But how many kinds of organics can survive being blasted into space? What about those that might be directly associated with life, such as amino acids? It all comes down to speed. The plumes are fast-moving, erupting at about 800 miles per hour (360 m/s). Would organic particles be destroyed at that speed, when they impact with each other? We already know that some can survive, since Cassini found them. But what about amino acids?

The study showed that amino acids in the plumes could survive at speeds up to 9,400 miles per hour (4,200 m/s). And the plumes are erupting significantly slower than that. So, the researchers concluded that amino acids – if they exist – should survive the trip into space. In fact, they could be detected with limited fragmentation up to the top velocities. The paper says, using a mass spectrometer, they could fly through Enceladus’ plumes at speeds of 9,400 miles per hour (15,000 km/h) and successfully detect intact amino acids.

Measuring impacts of single ice grains in the plumes on Enceladus

This is the first time that scientists have measured what happens when a single ice grain hits another surface. Enceladus’ plumes are made up of tiny ice grains, which form after the water vapor erupting from the cracks in the ice crust freeze.

In the experiment, the researchers created ice grains by using electrospray ionization, where water is pushed through a needle held at a high voltage. The electric charge breaks the water down into increasingly smaller droplets. Then, the researchers eject the droplets into a vacuum chamber, where they freeze.

The team was able to measure the mass and charge of the grains. Image charge detectors observed the grains as they passed through the spectrometer. Using a microchannel plate detector, the researchers accurately timed the moment of impact of the ice grains down to the nanosecond. A nanosecond is one-billionth of a second.

The fact that amino acids can withstand the impacts is crucial. It shows that similar intact amino acids could still exist in the plumes of Enceladus, or even the tentative ones of Europa. (Europa’s are not proven to exist yet, but evidence is growing).

Co-author Robert Continetti at the University of California, San Diego, said:

To get an idea of what kind of life may be possible in the solar system, you want to know there hasn’t been a lot of molecular fragmentation in the sampled ice grains, so you can get that fingerprint of whatever it is that makes it a self-contained life form. Our work shows that this is possible with the ice plumes of Enceladus.

Salt and amino acids

The new study also showed how salt can affect the detectability of amino acids in the plumes. The data from Cassini suggests that Enceladus’ ocean is salty, like oceans on Earth. Salt can change the solubility of some molecules. This means that molecules like amino acids could be detected more easily. This is because they might cluster on the surface of the ice grains in the plumes. That would make it easier for a spacecraft sampling the plumes to find those molecules.
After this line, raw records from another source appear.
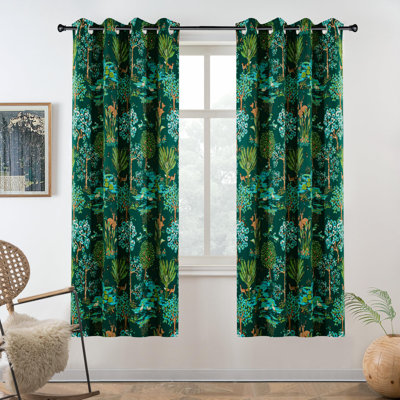 Kew Gardens Christopher Peacock Floral Pattern Energy Saving Thermal Insulated Window Curtain 2 Panels
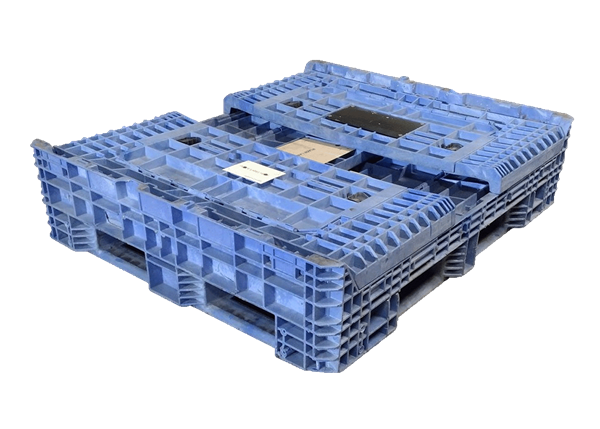 Reconditioned HPJ Industries 57" x 48" x 34" Mixed Color All Good Runner Bulk Container - 4 Drop Doors - Image 2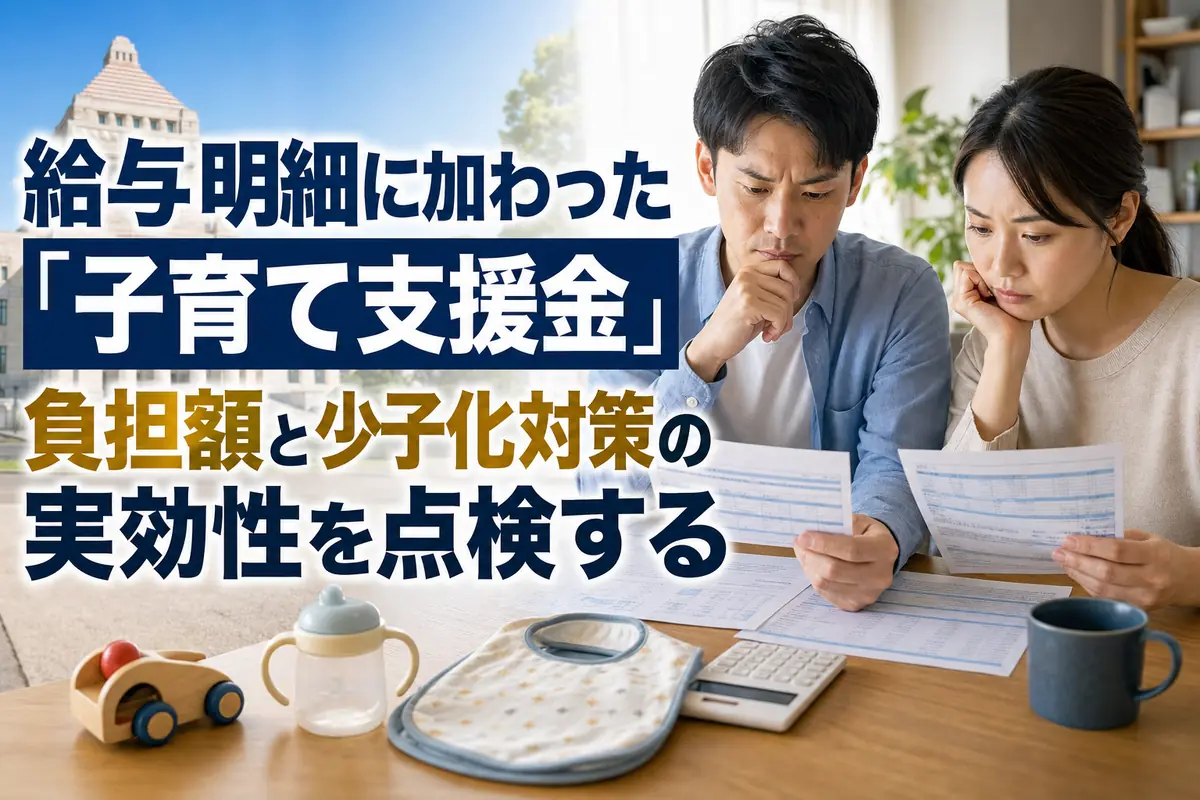 給与明細と医療保険の通知を確認する家庭のイメージ。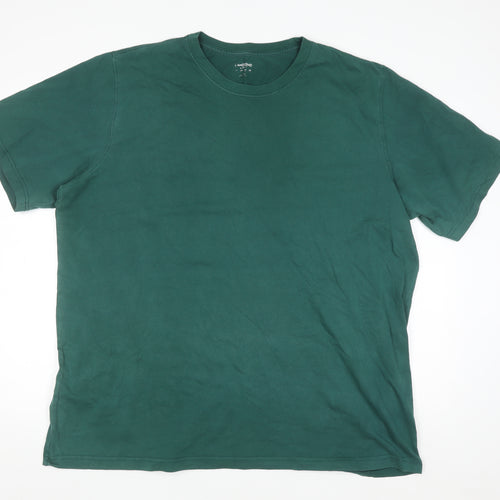 Lands’ End Men’s Green Cotton Crew Neck Short Sleeve T-Shirt Size L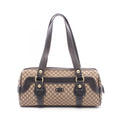 Celine Shoulder Bag Macadam Mini Beige Brown Canvas Leather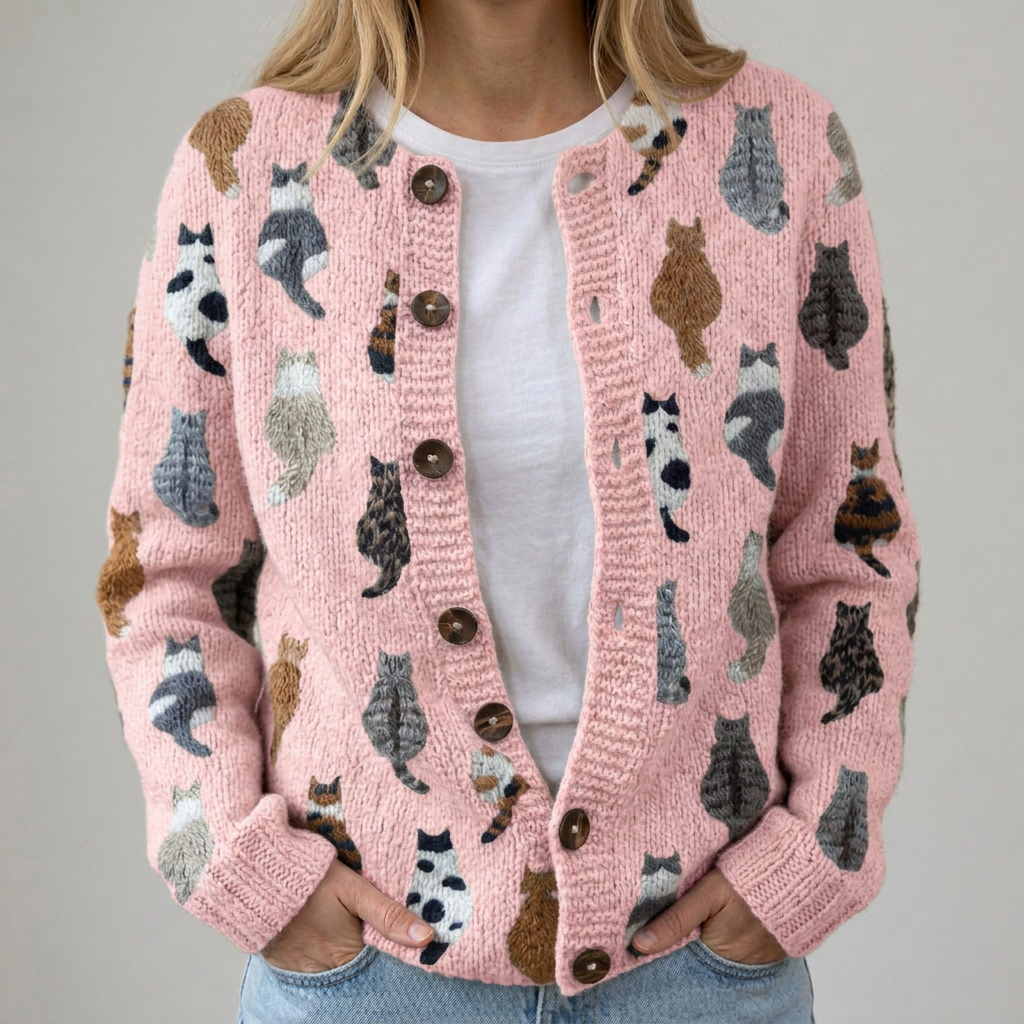 Flora | Gilet confortable avec motif de chats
This is exciting because it means that evidence for life – traces of molecules associated with living organisms – could be detected directly in the plumes. No need to drill through the ice crust to get to the ocean below. It will require a follow-up mission to Cassini, but it can be done. Continetti said:

The implications this has for detecting life elsewhere in the solar system without missions to the surface of these ocean-world moons is very exciting, but our work goes beyond biosignatures in ice grains. It has implications for fundamental chemistry as well. We are excited by the prospect of following in the footsteps of Harold Urey and Stanley Miller, founding faculty at UC San Diego in looking at the formation of the building blocks of life from chemical reactions activated by ice grain impact.

Return to Enceladus … and Europa

While there aren’t any scheduled missions yet back to Enceladus, scientists are eager to return. In the meantime, the amino acid research results could also useful for the Europa Clipper mission to Europa, scheduled to launch in October 2024. As the paper summarized:

Our results provide a benchmark for this orbital sampling method to successfully detect signs of life and for the interpretation of past and future data. This work has implications not only for a potential Enceladus mission but also for the forthcoming Europa Clipper mission.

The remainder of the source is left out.